23/07/31 12:32:43 INFO skein.ApplicationMaster: Deleted application directory hdfs://analytics-hadoop/user/analytics/.skein/application_1688722260742_121399
23/07/31 12:32:43 INFO skein.ApplicationMaster: WebUI server shut down
23/07/31 12:32:43 INFO skein.ApplicationMaster: gRPC server shut down

End of LogType:application.master.log

Application driver:

=======================================================================================================
LogType:application.driver.log
LogLastModifiedTime:Mon Jul 31 12:32:44 +0000 2023
LogLength:3368
LogContents:
Running /opt/conda-analytics/bin/spark-submit $@
SPARK_HOME: /usr/lib/spark3
Using Hadoop client lib jars at 3.2.0, provided by Spark.
PYSPARK_PYTHON=/opt/conda-analytics/bin/python3
Setting default log level to "WARN".
To adjust logging level use sc.setLogLevel(newLevel). For SparkR, use setLogLevel(newLevel).
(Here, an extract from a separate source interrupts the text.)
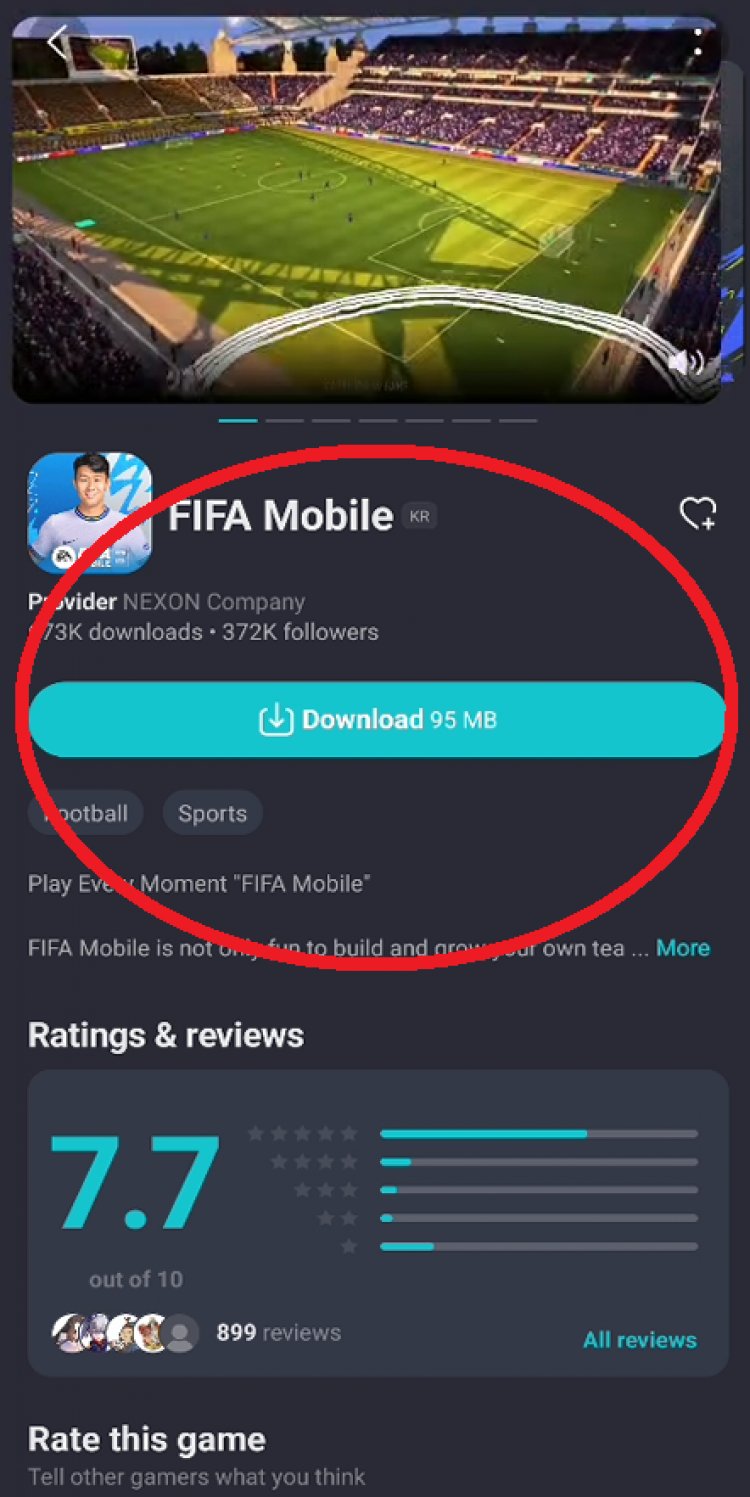 COMO INSTALAR NUEVO FIFA MOBILE (COREANO) NEXON Última Actualización Franklyn Gameplays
(process:64213): dconf-CRITICAL **: 12:15:21.953: unable to create directory '/home/.cache/dconf': Permission denied.  dconf will not work properly.
...
(process:64213): dconf-CRITICAL **: 12:15:21.954: unable to create directory '/home/.cache/dconf': Permission denied.  dconf will not work properly.
ADD JAR file:///usr/lib/hive-hcatalog/share/hcatalog/hive-hcatalog-core.jar
23/07/31 12:15:22 WARN SessionState: METASTORE_FILTER_HOOK will be ignored, since hive.security.authorization.manager is set to instance of HiveAuthorizerFactory.
Added [file:///usr/lib/hive-hcatalog/share/hcatalog/hive-hcatalog-core.jar] to class path
Added resources: [file:///usr/lib/hive-hcatalog/share/hcatalog/hive-hcatalog-core.jar]
Spark master: yarn, Application Id: application_1688722260742_121400
ADD JAR hdfs:///wmf/cache/artifacts/airflow/analytics/refinery-hive-0.2.20-shaded.jar
Added [/tmp/8450030e-261a-40e3-864c-f4a8cda82b9a_resources/refinery-hive-0.2.20-shaded.jar] to class path
Added resources: [hdfs:///wmf/cache/artifacts/airflow/analytics/refinery-hive-0.2.20-shaded.jar]
result
Time taken: 1.332 seconds
...
key	value
spark.sql.shuffle.partitions	256
Time taken: 0.254 seconds, Fetched 1 row(s)
23/07/31 12:15:26 WARN package: Truncated the string representation of a plan since it was too large. This behavior can be adjusted by setting 'spark.sql.debug.maxToStringFields'.
Response code
Time taken: 1038.106 seconds.               <<<<<<<<<<<<<<<<<<<<<<<<<<<<<<<<

End of LogType:application.driver.log

So it seems that the SIGTERM only killed the Airflow process, with no mechanism to forward the kill to the Spark Skein job. However the question is still: why was the data not available when this seemingly successful Yarn job committed?

Gah! Sorry Xabriel.

I agree on your proposal for an upgrade procedure like the one you have mentioned. We'll probably need a cookbook for it.